Eski Mısır tapınaklarında avlu etraflarında kullanılması üç bin yıllık bir geleneğe dayanmaktadır. Sıcak bir iklimi olan bu bölgede gölgelik oluşturma amacı ile inşa edilmiştir. Ayrıca kemerli yapıda olması ve ışık-gölge farklılıkları hareketli ve etkileyici bir cephe elde edilmesini sağlıyordu.
Yunanistan ve çevresindeki bölgelerde yapımı çok daha sonradan ortaya çıkmıştır. Eski Grek agoralarının çevresinde yer alan stoalar serin ve gölgelik oluşturan yapılardı. Pazar alanında alışveriş yapanlar veya yalnızca gezme amaçlı gelenler tarafından kullanılırdı. Bu revaklar altında Stoacılar felsefe tartışmaları yapardı.
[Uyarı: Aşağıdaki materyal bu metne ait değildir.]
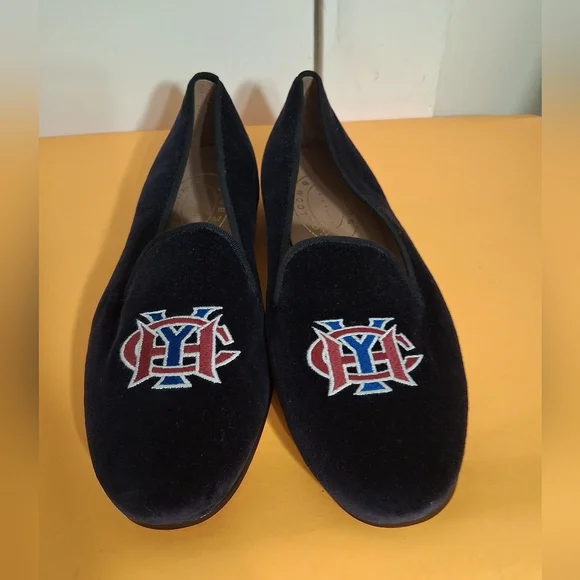 Mens Stubbs & Wooton Navy Blue Velvet Rope Knot Slippers Loafers Size 11 D Stubbs & Wootton | Shoes | Stubbs Wootton Blue Velvet  main image 2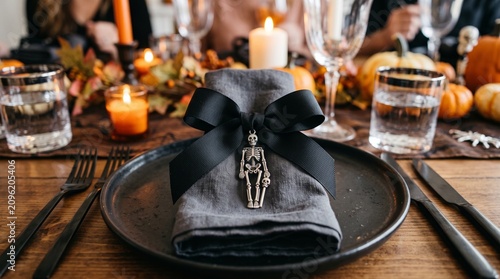 Elegant Halloween table setting with skeleton napkin ring and pumpkins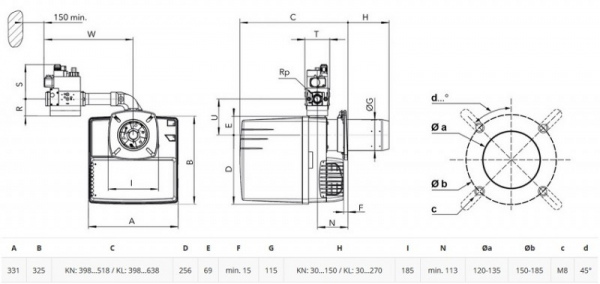 Arzator pe gaz, o treapta, 80-140 kW, Elco VG 2.140 E d3/4'' - Rp3/4'' KL [2]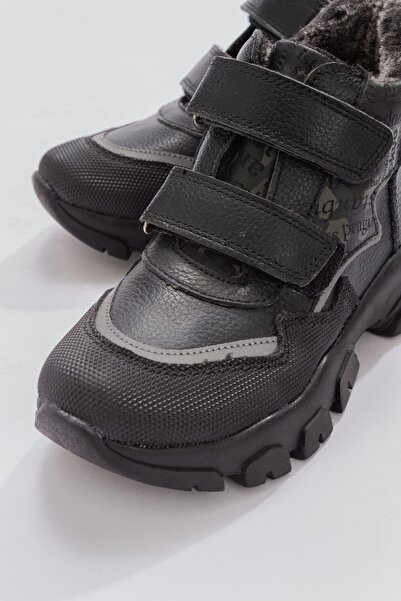 mnpc Erkek Çocuk Siyah Hakiki Deri Suya Dayanıklı Günlük Bot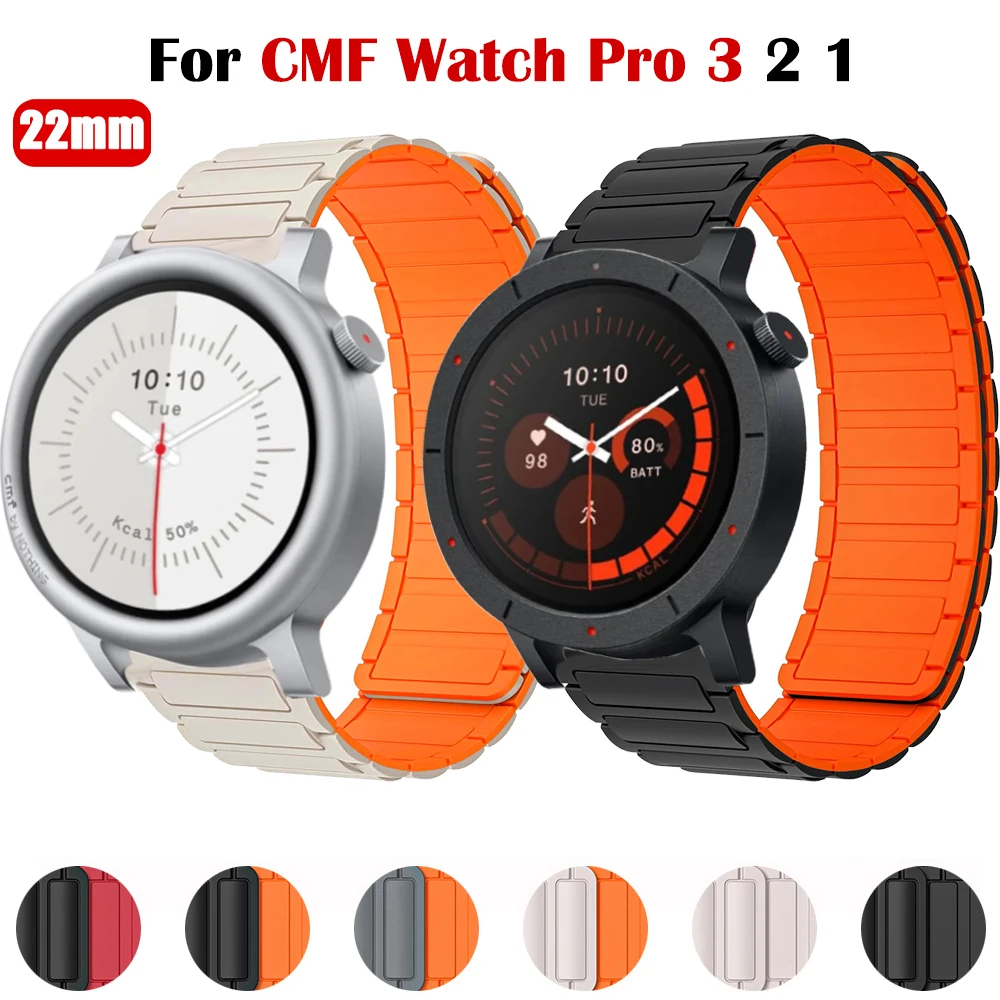 For CMF Watch 3 Pro Silicone Magnetic Replacement Strap Correa For CMF by Nothing Pro 3 2 1 Sports 22mm Wristband Accessories
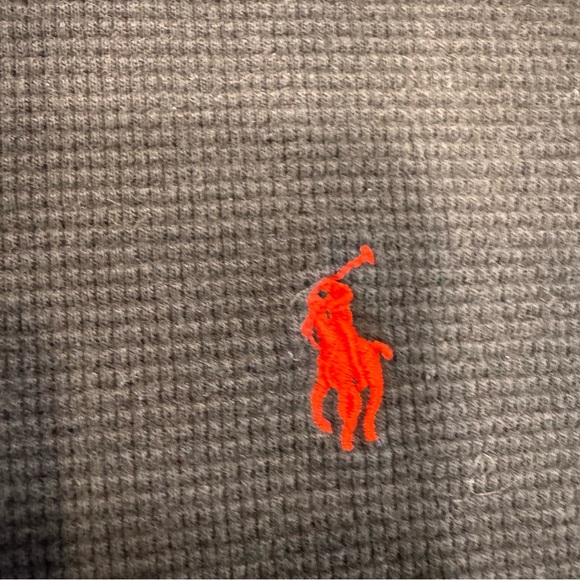 Polo Ralph Men’s Long Sleeve Shirt Waffle Knit Black 100% Cotton Red Pony - Picture 3 of 6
Roma ve Bizans’da yapılmış olan direkli kaldırımlar sayesinde hayvan ve araba trafiğine karşı yayalar güvenle yürüyerek alışveriş yapabiliyordu. Sahilde yapılan yapıların bir ksımının kayıkhane olarak kullanıldığı da düşünülmektedir.
Osmanlı döneminde İstanbul’da Vezneciler’den Şehzade Camii’ne kadar olan kısım önemli eğlence merkezlerinden birisiydi. Direklerarası olarak adlandırılan bu alanda caddelerde sütunlu kaldırımlar bulunmaktaydı. Sıra halindeki dükkânların önünde birbirine kemerler ile bağlanmış mermer sütunlar bulunmaktaydı. Bu yapılar daha sonradan yol genişletme çalışmalarında yıkılmıştır.
Ortaçağ mimarları revakın iç ve dış mimari de kullanımını çeşitlendirdiler. Dükkan önlerinde gölgelik amaçlı yapılan revaklar, medrese ve cami gibi yapılarda ise avluların geniş orta açıklıklarını çepeçevre kuşatacak şekilde yapılmıştır. Bazı yapılarda ikinci katın da yapımının uygulandığı görülmüştür.
Tunus Kayrevan’da Sîdî Ukbe Camii IX. Yüzyılda yapılan erken tarihli anıtsal özelliği taşımaktadır. Kapalı mekana giriş cephesinden bağlanan büyük revaklı avlu geniş bir alan için gölgelik sağlar. Örme taş ayaklarla destekli kemerler ışık-gölge değişimine göre cephenin mimarisine katkı sağlamaktadır.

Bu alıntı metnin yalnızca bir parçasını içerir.